Als junge Kunststudentin mit einer starken Affinität zu textilen Materialien war ich ergriffen von der Idee künstlerischer Puppen. Waren es die die Alltäglichkeit der Materalien − Stoffreste, Wolle, Filz, Pappe, Perlen − die scheinbar spielerische Leichtigkeit in der Dreidimensionalität, die mich so nachhaltig prägen würden? Das fand ich so mutig, dass ich das Gefühl hatte, nur ich allein könnte diese Puppen 70 Jahre später wirklich sehen.

Vielleicht kannte ich einige von Höchs Montagen, schätzte sie für ihre gewagten provokanten, humorvollen Kommentierungen, dem Spielen mit dem Frauen- und
Geschlechterbild und besonders für das Adaptieren und Verfremden vorgefundener Bildwelten aus den Massenmedien − ein Prinzip, das sich durch viele meiner Arbeiten zieht. Irgendwie bewunderte ich sie auch dafür, dass sie sich ihren Lebensunterhalt mit Stickvorlagen für Ullstein verdiente und so vermutlich Zugang zu reichlich Montagematerial hatte (Gen Ende meines Studiums und in der Orientierungsphase danach habe ich bei Gruner + Jahr gejobbt und dann in der GEO-Redaktion gearbeitet.).Wahrscheinlich hat sie sich an dem Ullstein-Job so manches Mal gestört, aber sie war in zwei Welten unterwegs. Bei allen Konflikten, die das mit sich bringt, halte ich das selbst seit meinem Studiuem so, das ich zwischen Kunsthochschule und Universität ausbalancierte.

1978 in Zurückgezogenheit in ihrem Berliner Haus gestorben, hatte die Aufbereitung
ihrer künstlerischen Biografie erst in den 1980er Jahren begonnen. "da da zwischen reden zu Hannah Höch", die Dokumentation des großen Berliner Hannah-Höch Symposiums von 1989 von Ellen Maurer und Jula Dech, erschien just 1991und irgendwie schon recht schnell im modernen Antiquariat der Heine-Buchhandlung an der Hamburger Uni und somit in meinem Wahrnehmungsfeld und noch dazu erschwinglich.

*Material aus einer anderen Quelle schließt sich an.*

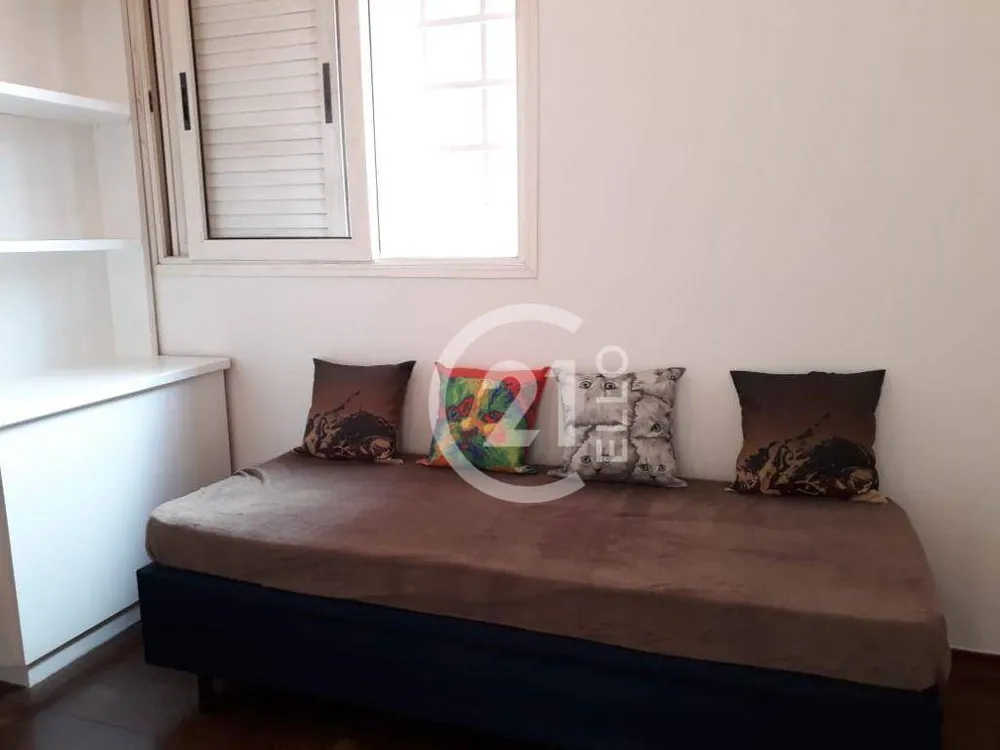 Cobertura, 3 quartos, 124 m² - Foto 2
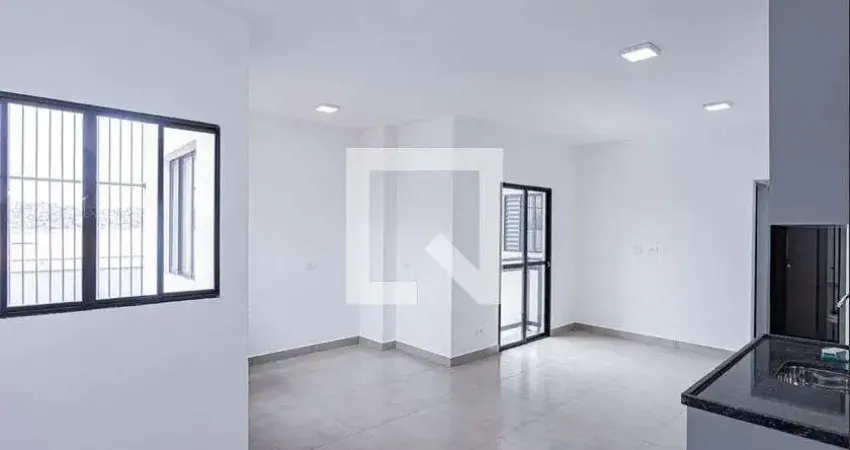 Apartamento para aluguel - vila nina, 1 quarto, 32 m² - são paulo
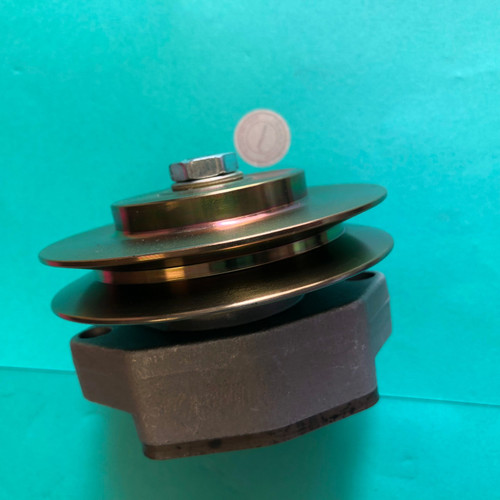 Voe21139287 21139287 Fuel Transfer,Lift Feed Pump Fits Volvo Ec240B Ec290B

Von da an hat mich Hannah Höch rhythmisch begleitet. Maud Lavins "Cut with
the Kitchen Knife" (1993) erwischte ich unter den Neuanschaffungen in der Library
am Edinburgh College of Art, als ich intensiv an meiner BA-Arbeit zur Frage geschlechterlicher Identitäten und künstlerischer Ausdrucksmittel in der Kunst von Künstlerinnen arbeitete.
Hannah Höch habe ich zu einem Prüfungsthema sowohl im Kunst-Examen wie auch in der Germanistik (im Vergleich zu Alfred Döblin und Sergej Eisenstein) gewählt.
Sehr bewegt hat mich die 2011 von Cara Schweitzer veröffentlichte höchst umfängliche und lesenswerte Biografie, die auch tiefe Einblicke in Höchs künstlerische Überlebensstrategien in der Zeit der inneren Emigration bietet. Als Dada-Künstlerin war sie Bestandteil der großen Ausstellung "Entartete Kunst" 1937 im Haus der Kunst in München. Die nachfolgene Wanderausstellung 1941 besuchte Hannah Höch immer wieder an den verschiedenen Standorten. Sie war zu der Zeit in einer etwas mysteriösen Verbindung mit einem Handelsvertreter verheiratet, der beruflich durch das ganze Reich fuhr und Hannah begleitete ihn des Öfteren. Auf diesen Fahrten fertigte sie kleinformatige Landschaftsaquarelle. Ausstellen durfte sie nicht. Um aber von der Reichskunstkammer Zuteilungen für Farben zu erhalten, musste sie unverfängliche Motive vorweisen. Gerade in diesen kleinen Malereien fndet sich bei genauem Hinsehen ihre versteckte Systemkritik.

Literatur:

da da zwischen reden zu Hannah Höch.
Ellen Maurer und Jula Dech (Hrsg.), Berllin,1991

Cut with the Kitchen Knife.
Maud Lavin,Yale University, New Haven1993

Schrankenlose Freiheit für Hannah Höch,
das Leben einer Künstlerin 1889-1978.